Paul Robertson's words, punctuated

Thoughts on development, user-centered design, code, etc. by Paul Robertson

Multi-table INSERT using one SQL statement in AIR SQLite

This article describes a way that you can use a single INSERT statement to add data to multiple tables in the SQL dialect supported by the SQLite engine in Adobe AIR.

Normally in SQL, including in AIR’s built-in SQLite database engine, you can only add data to one table at a time using an INSERT statement. In some cases, particularly when you’re doing a “bulk loading” operation such as importing data from a text file into a database, it’s convenient to be able to insert data into multiple tables using a single INSERT statement.

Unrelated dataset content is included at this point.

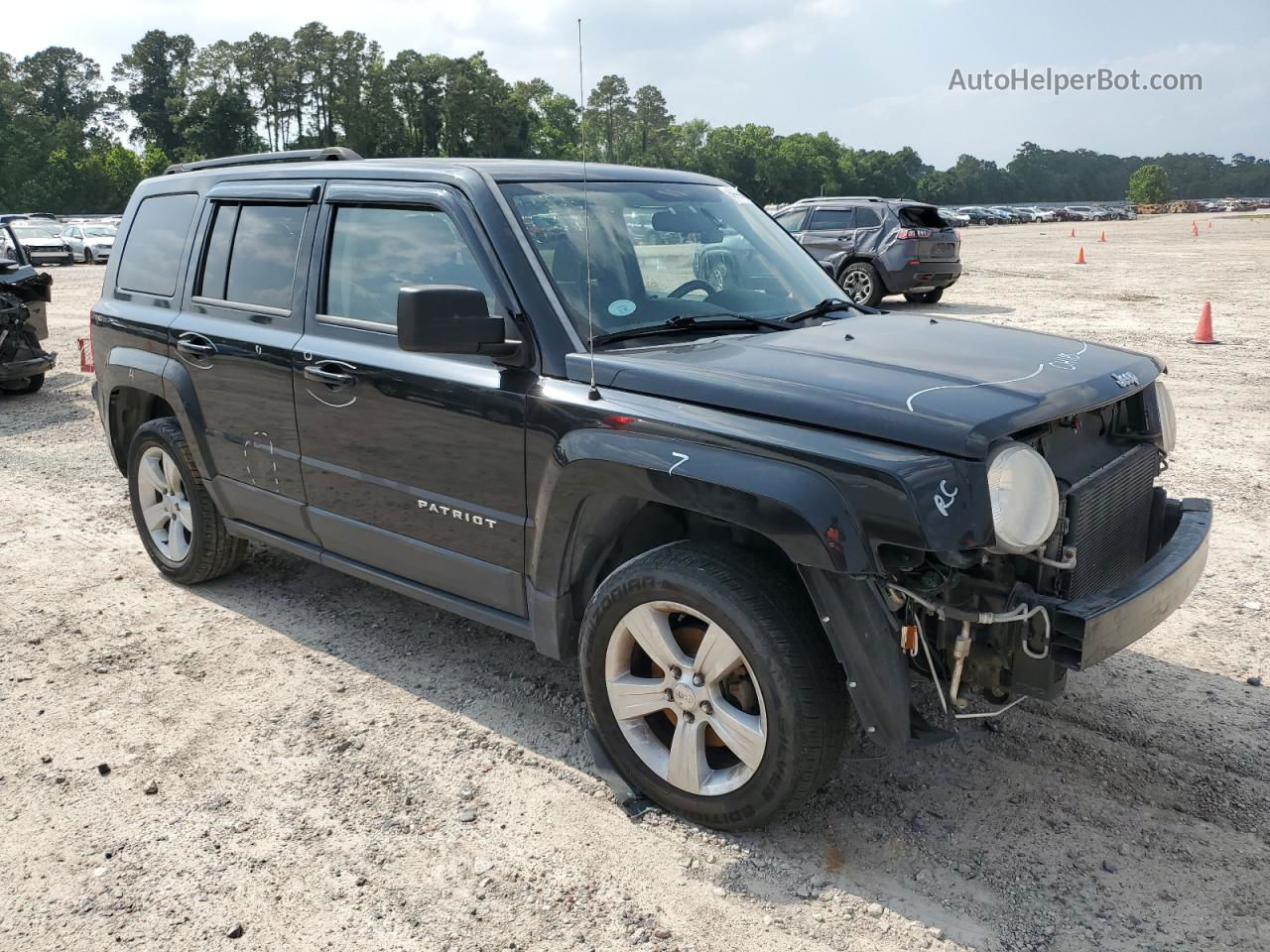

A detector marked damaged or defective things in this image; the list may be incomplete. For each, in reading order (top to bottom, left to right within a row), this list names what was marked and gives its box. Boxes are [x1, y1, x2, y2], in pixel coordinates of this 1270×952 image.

damaged front end [0, 223, 56, 391]
wrecked car in background [0, 223, 56, 396]
broken headlight housing [985, 441, 1056, 555]
damaged front end [878, 381, 1204, 721]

For example, suppose you have XML data to import into a database such as the following:

<?xml version="1.0"?>
<employees>
    <employee firstName="Bob" lastName="Smith"
        location="San Francisco" country="USA"/>
    <employee firstName="Harold" lastName="Jones"
        location="San Francisco" country="USA"/>
    <employee firstName="Tom" lastName="Donovan"
        location="Boston" country="USA"/>
    <employee firstName="Mike" lastName="Wilson"
        location="Calgary" country="Canada"/>
    <employee firstName="Steve" lastName="Thomas"
        location="London" country="UK"/>
    <employee firstName="Joe" lastName="Nelson"
        location="London" country="UK"/>
    <employee firstName="Juan" lastName="Varga"
        location="Buenos Aires" country="Argentina"/>
    ...
</employees>

The XML data isn’t normalized, so there is duplicate data between the various records. We will import it into a database with the following (normalized) structure:

Data model for the database

Assuming the data is going to be imported as a single user operation, it would be painful to need to prompt the user or throw errors for every duplicate entry.

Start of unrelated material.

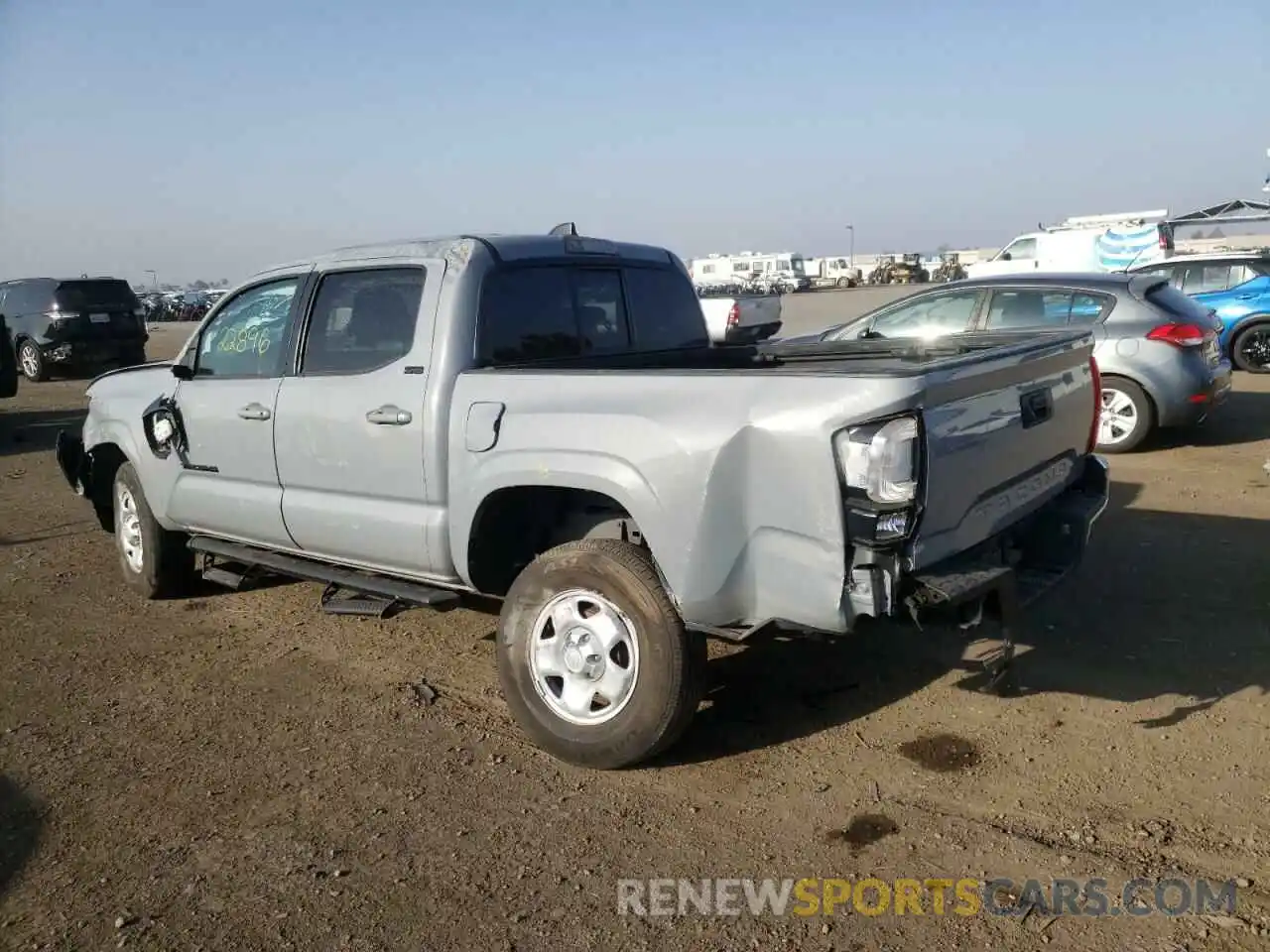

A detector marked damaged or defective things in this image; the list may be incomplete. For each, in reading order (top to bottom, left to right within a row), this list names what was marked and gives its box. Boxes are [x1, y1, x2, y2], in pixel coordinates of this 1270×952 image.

Using the technique described here, you can use a single SQL statement to add an employee and if necessary any related data including office location and country. (You would still loop over the data and execute one INSERT statement per employee record – but you wouldn’t need to execute three INSERT statements per employee record, or need to check for duplicate office locations and countries for each employee record to be inserted.)

As mentioned above, this technique is probably only appropriate when you’re doing “bulk importing” of data. If you’re just adding a single conceptual record (even if it includes data in multiple tables) you’ll most likely want to use a series of INSERT statements to add the data, so that you can have more precise error checking and handling.

How to do it

In an attempt to “cut to the chase” I’m going to put the necessary code here. For more detailed explanations on how this works and why it’s necessary, see the ”details” section below.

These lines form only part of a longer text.